His achievements

He joined the Indian National Congress in 1886 and left it after the split in the Congress at the Surat session in 1907. He rejoined the Indian National Congress in 1916 at the Lucknow session and left it again in 1921. Thrice he visited England, in 1896, 1908 and 1919. The most important event in Bipin Chandra Pal's life was his refusal to give evidence against Arbindo Gosh in a sedition case against him in 1907 for which he suffered rigorous imprisonment for six months. But this made him a national hero.

On August 12, 1901, Bipin Chandra Pal started an English Weekly called "New India". In its inaugural issue, as founder-editor, Pal declared its ideals in stirring tones: "Its stand point is intensely national in spirit, breathing the deepest veneration for the spiritual, moral and intellectual achievements of Indian civilization and distinctly universal in aspiration". "New India" focused primarily on the economic and educational reconstruction of India with special emphasis on cultural regeneration rather than lopsided political agitation alone.

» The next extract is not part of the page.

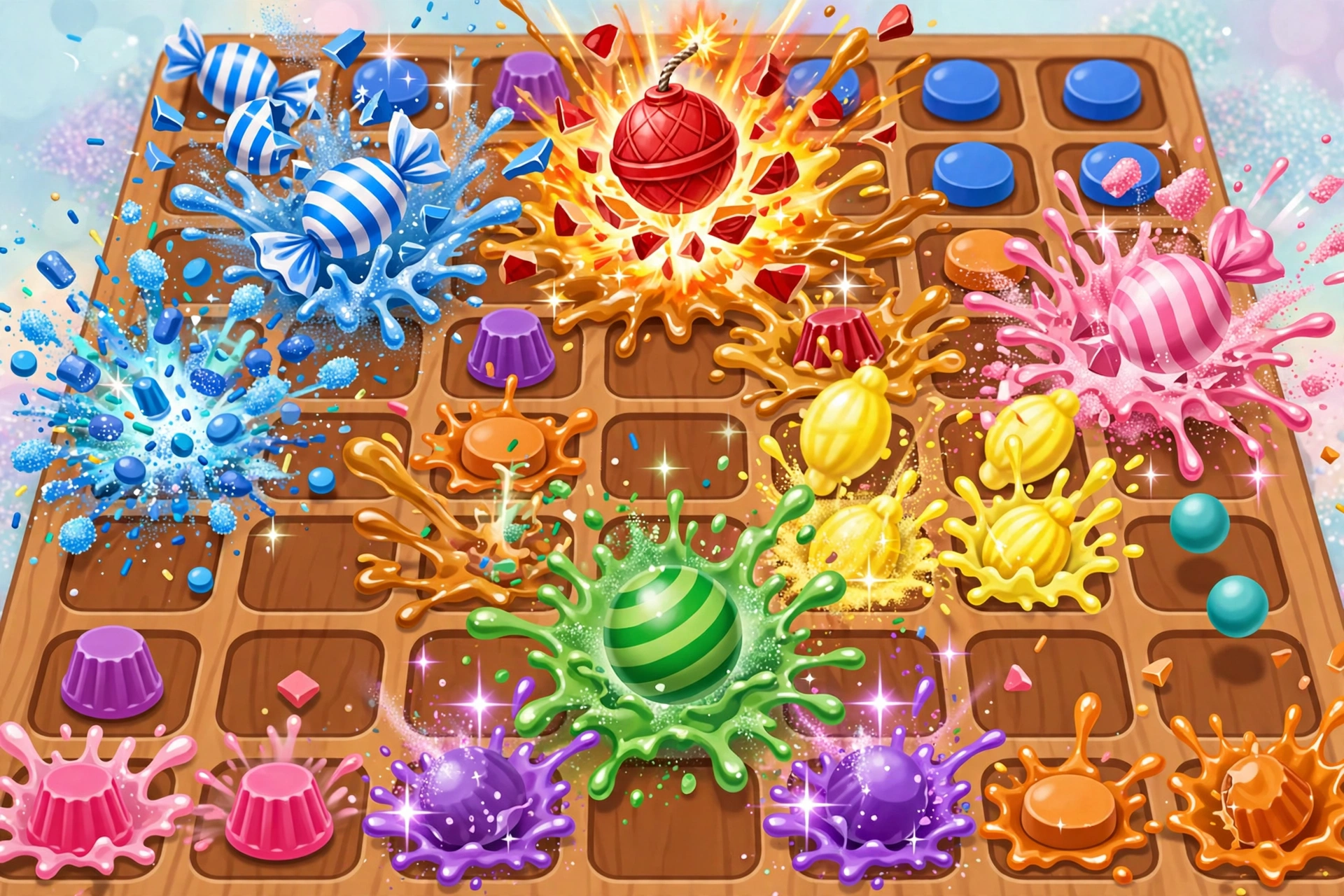Candy Crush Saga colorful candy match-3 puzzle board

When the British Government announced their plan of partition of Bengal in December 1903, it was Bipin Chandra Pal who constructed the revolutionary political philosophy of Young Bengal and succeeded in annexing Madras or South India to that revolutionary creed. It is not therefore surprising that early Tamil Revolutionary Nationalists like Maha Kavi Bharathi, Va. Ve. Su. Iyer, Subramaniya Siva, and Va. Vu. Chidambaram Pillai and many others came under the revolutionary spell of Bipin Chandra Pal in the first decade of 20th century.